> EXERCISE INSTRUCTIONS
A faithful transcript of all the lines below, with no pictures, is the goal here.

> DATA PROVIDED
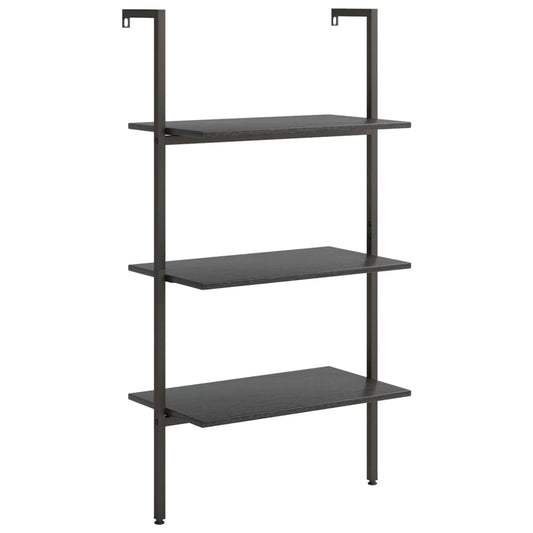 vidaXL Ραφιέρα Κεκλιμένη 3 Επιπέδων Μαύρη 64x35x120,5 εκ.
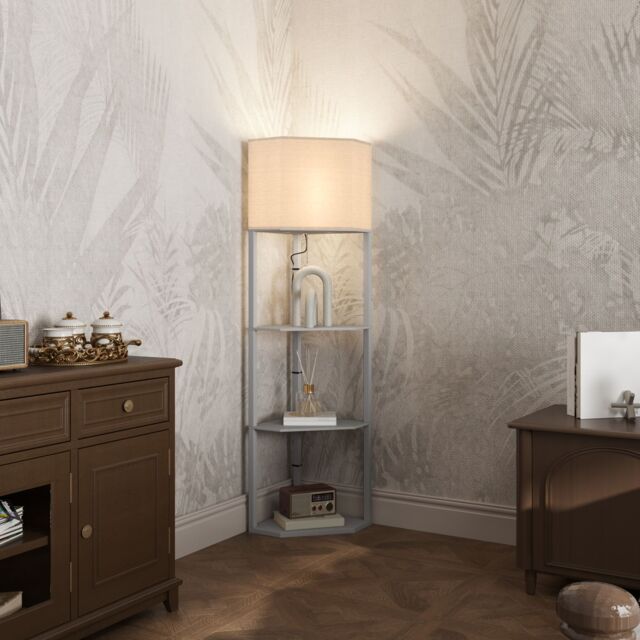 HOMCOM Corner Modern Floor Lamp with Shelves for Living Room, Bedroom in Light Grey - image 1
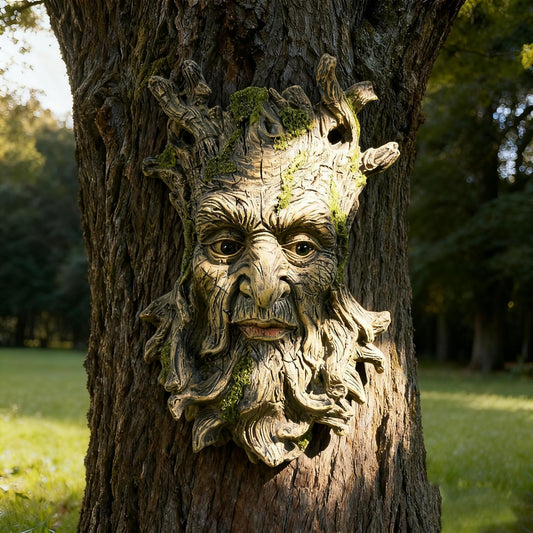 Moss Tree Face Sculpture, Funny Moss Cap Old Man Tree Hugger Statue, Indoor & Outdoor Creative Props for Garden and Home,9" x 7" x 2.4"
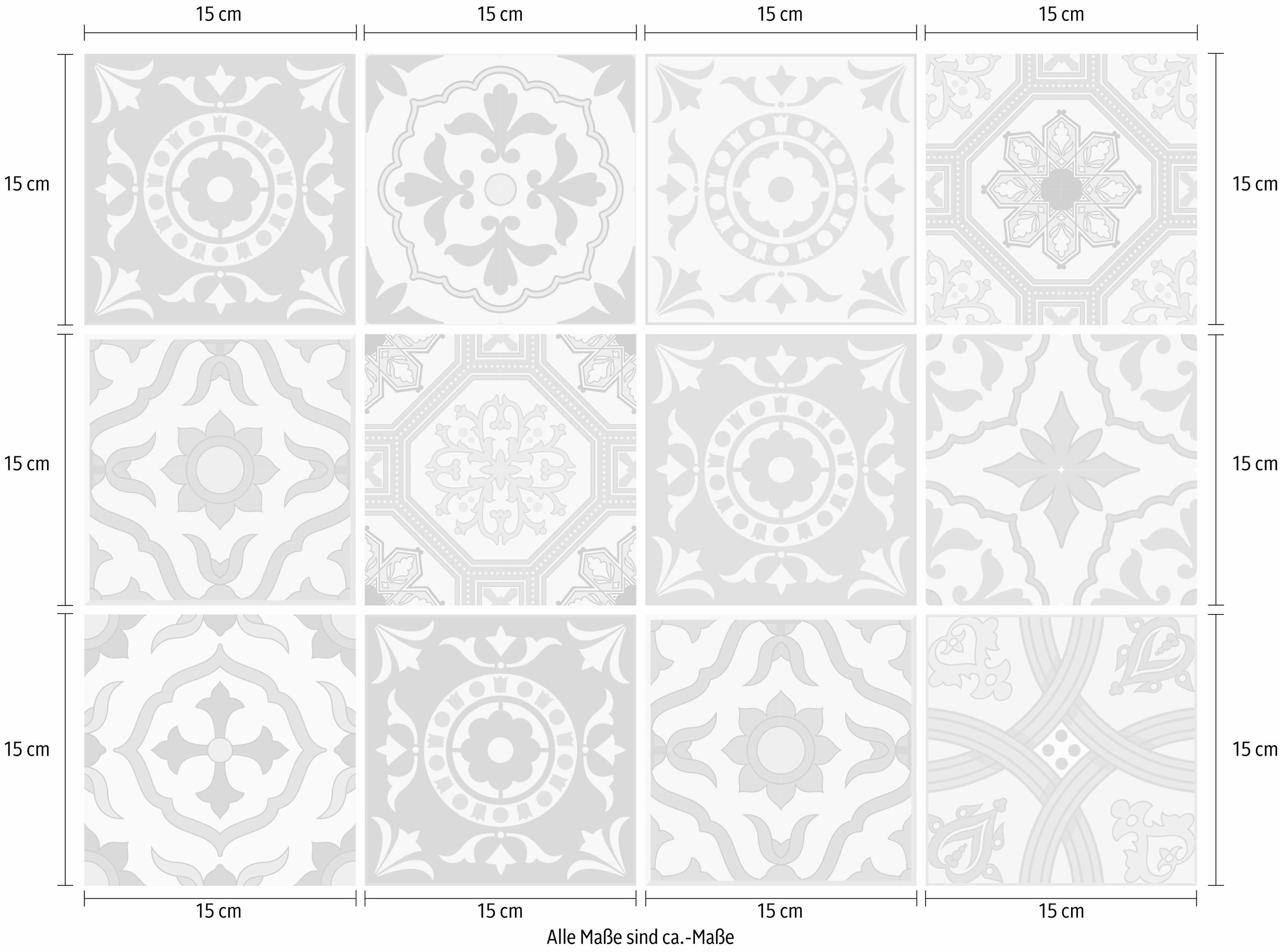 Thumbnail - Home affaire Fliesenaufkleber "Ornamente" Stickerfliesen, selbstklebend, Sticker, 12er Set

> FINISHED TASK
 vidaXL Ραφιέρα Κεκλιμένη 3 Επιπέδων Μαύρη 64x35x120,5 εκ.
 HOMCOM Corner Modern Floor Lamp with Shelves for Living Room, Bedroom in Light Grey - image 1
 Moss Tree Face Sculpture, Funny Moss Cap Old Man Tree Hugger Statue, Indoor & Outdoor Creative Props for Garden and Home,9" x 7" x 2.4"
 Thumbnail - Home affaire Fliesenaufkleber "Ornamente" Stickerfliesen, selbstklebend, Sticker, 12er Set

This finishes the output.